And, of course, both men began to play the sport that rivals the Red Sox for popularity in Boston—local politics. There, it seemed, they parted company. Serving together in the Massachusetts House of Representatives for most of the 1970s, King and Flynn were poles apart. King wore dashikis and jumpsuits, uttered kind words for Fidel Castro and earned a reputation as a black radical. Flynn, meanwhile, seemed the typical Boston Irish politician, crusading against the ERA, abortion and, especially, school busing.

Busing was the preeminent issue of the mid-'70s in Boston, where mobs of whites attacked buses of black students in Flynn's native South Boston. The issue remains a key difference between the two men. "Flynn was not supporting the [court] order and was not acting in the interests of all the children," charges King, who saw two of his own children bused to white schools. Responds Flynn, whose children were not affected by the court order: "I am opposed to busing but not to blacks. I was there trying to calm the situation."

Flynn's record seems to bear out his claim. Unlike many demagogues of the era, Flynn tried to soothe the tensions that busing aroused. Two courageous acts set him apart from other antibusing politicians. In 1979 Flynn fought his way through a group of white toughs on the Boston Common to rescue their black victim. In 1980 he was the only white elected official to attend the funeral of a 14-year-old black shot to death by a white policeman after a car chase. "Here was a chance for a South Boston Irish politician to show that there are people who care," he explains. "I'd do the same thing again."

Since then, Flynn and King no longer have seemed such political opposites. While they still disagree on such questions as minority quotas and abortion rights (King is pro, Flynn anti), they share common ground on the economic issues that affect their mostly low-income constituencies. Both support a shift of money and power from Boston's downtown district into its decaying working-class neighborhoods.

Along with their politics, King and Flynn have the same populist aesthetic—at least in their choice of vehicles. Flynn drives to campaign stops in a 1975 Dodge station wagon with a plastic statue of the Blessed Virgin and a side mirror that dangles by a wire. King pilots a beat-up Ford pickup with a tail pipe that hangs perilously close to Beantown's potholed streets.

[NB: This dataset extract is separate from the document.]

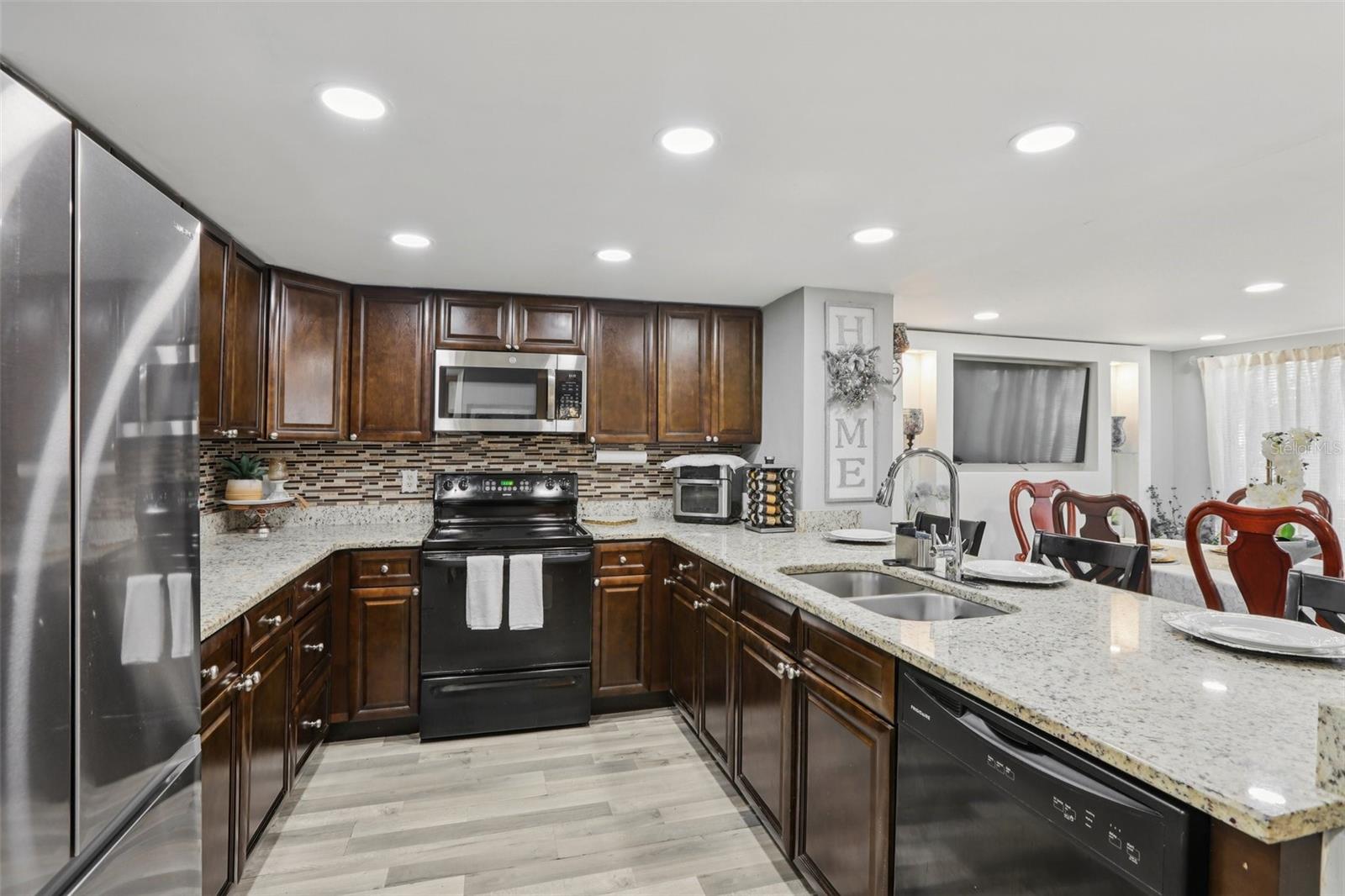 Image 4 of 38 For 4709 Puritan Circle 702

Such funky touches contrast glaringly with the imperial trappings of outgoing Mayor Kevin H. White, whose high-roller style led a local paper to dub him "Mayor Deluxe." In his 16 years in office White has presided over a remarkable revitalization of the city's downtown. In the last few years, however, corruption has racked White's political machine, sending his popularity plummeting. In May he announced that he would not seek reelection.

The smart money was betting on—and contributing to—handsome, former radio personality and School Committee President David Finnegan, 42, to replace White, but the smart money was wrong. The voters opted for Flynn and King, two of the most left-leaning candidates. "Both men banked on decades of work in the neighborhoods," says Lucas. "The electorate showed that it wanted a change."

They will probably get a change to Ray Flynn—nearly three-quarters of Boston's voters are white and Flynn is leading in local polls by as much as 13 percent. Accustomed to the role of underdog, King is basing his hopes on a "Rainbow Coalition" of blacks, Hispanics, gays, students and liberal whites—"people who are tired of tension, tired of hostility," he says. Even if he isn't elected, King will have left his mark on the city by making its black community a political power. "The major victory of the King campaign," says new Democratic presidential aspirant Jesse Jackson, who has made campaign appearances for King, "is self-respect."